Was ist zu beachten?

Es kommt am Arbeitsplatz regelmäßig zu Veränderungen. Dabei kann es sich um Veränderungen handeln, die einen direkt oder auch nur indirekt betreffen.

Als Beispiel sei angeführt, dass man in eine andere Abteilung wechselt oder das sich die Vorgesetztenstruktur ändert. In jedem Fall wandelt sich das Umfeld in dem Sie tätig sind.
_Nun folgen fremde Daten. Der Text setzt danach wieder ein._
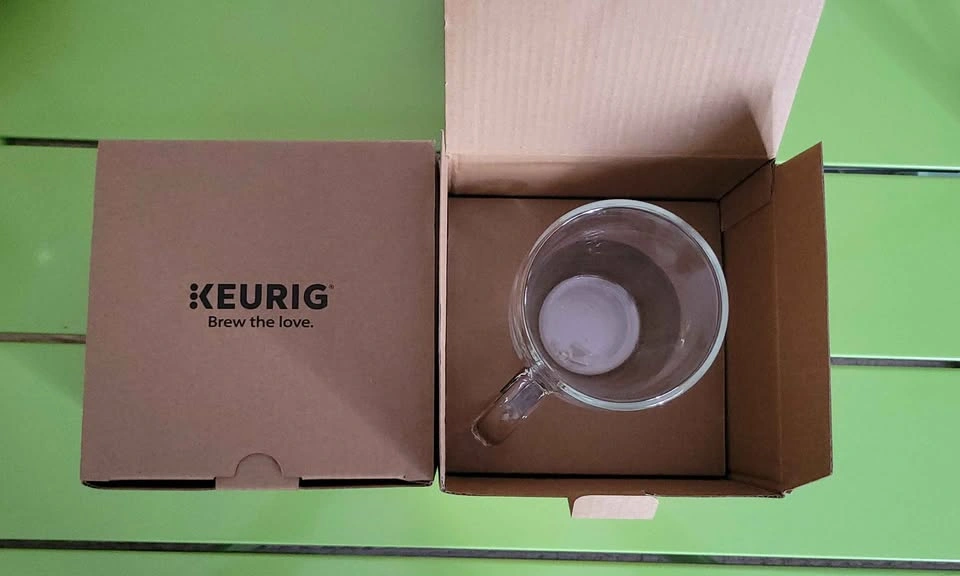 Keurig® Double Wall Glass Mug 15.2 Oz. - photo 2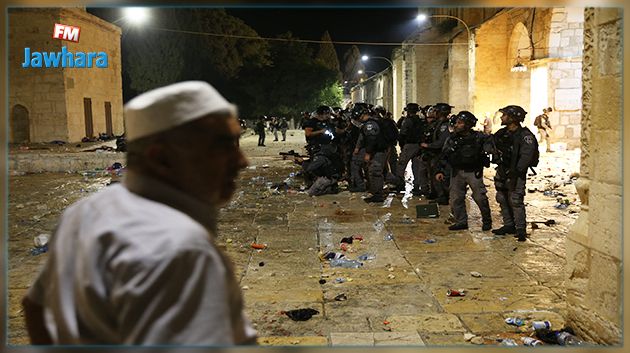 رئاسة مجلس نوّاب الشّعب تدين الاعتداءات على القدس وتهجير الفلسطينيين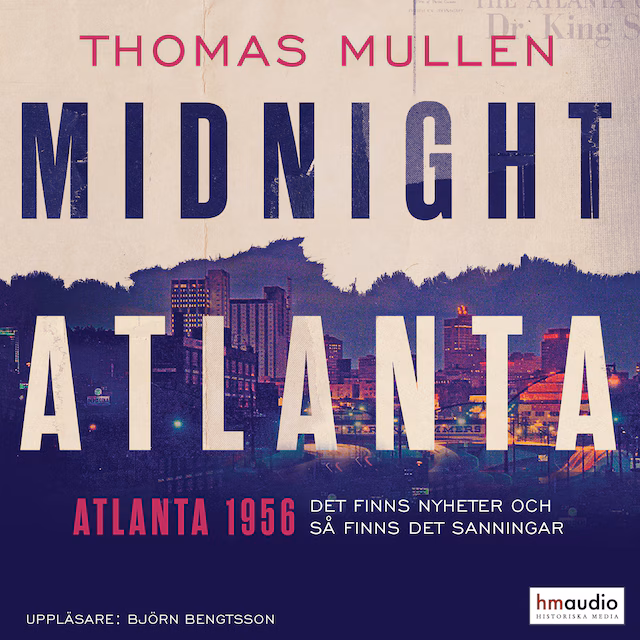 Omslag: Midnight Atlanta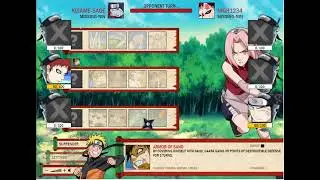 Naruto-Arena: missing-nin rank missions Part 3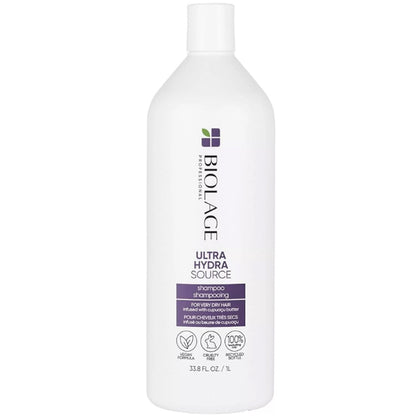 Biolage Hydrasource Ultra Aloe Shampoo - Шампунь для увлажнения сухих волос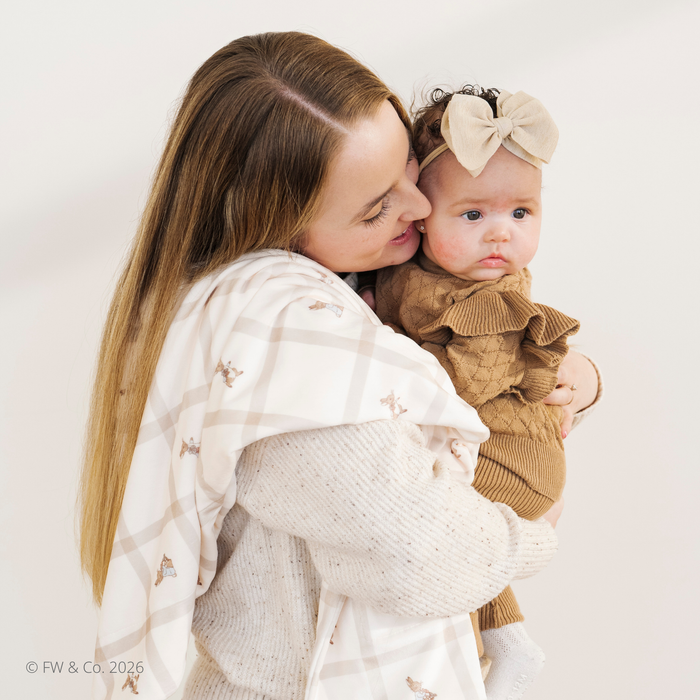 PETER RABBIT™ MINKY STRETCH LUXE BUNDLE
Auch wenn es Ausnahmen gibt, wissen wir alle, wie schnell Dinge in Vergessenheit geraten, die wir nicht regelmäßig vor Augen haben.  Daher ist es ratsam, bei derartigen Veränderungen den bisherigen direkten Vorgesetzen um ein Zwischenzeugnis über die eigenen bisherigen Leistungen zu bitten. Schließlich kann man auch nicht verlangen, dass ein neuer Vorgesetzter Sie schon nach kurzer Zeit objektiv beurteilen kann.

In der heutigen Berufswelt gehören regelmäßige Veränderungen zum Standard. Und da Sie nie hundertprozentig einschätzen können, wie die Zusammenarbeit mit dem neuen Vorgesetzen oder den neuen Kollegen am neuen Arbeitsplatz funktioniert, können Sie mit dem Zwischenzeugnis die bisher erreichten Leistungspunkte fixieren. Diese können auch als Grundlage für ein Arbeitszeugnis beim Ausscheiden dienen.

Auch wenn kein absoluter Rechtsanspruch auf ein derartiges Zwischenzeugnis besteht, sollten Sie darauf bestehen. Kommt es nämlich zu einem Ausscheiden, kann der Arbeitgeber beim abschließenden Arbeitszeugnis nicht vollständig vom Inhalt des oder der Zwischenzeugnisse(s) abweichen.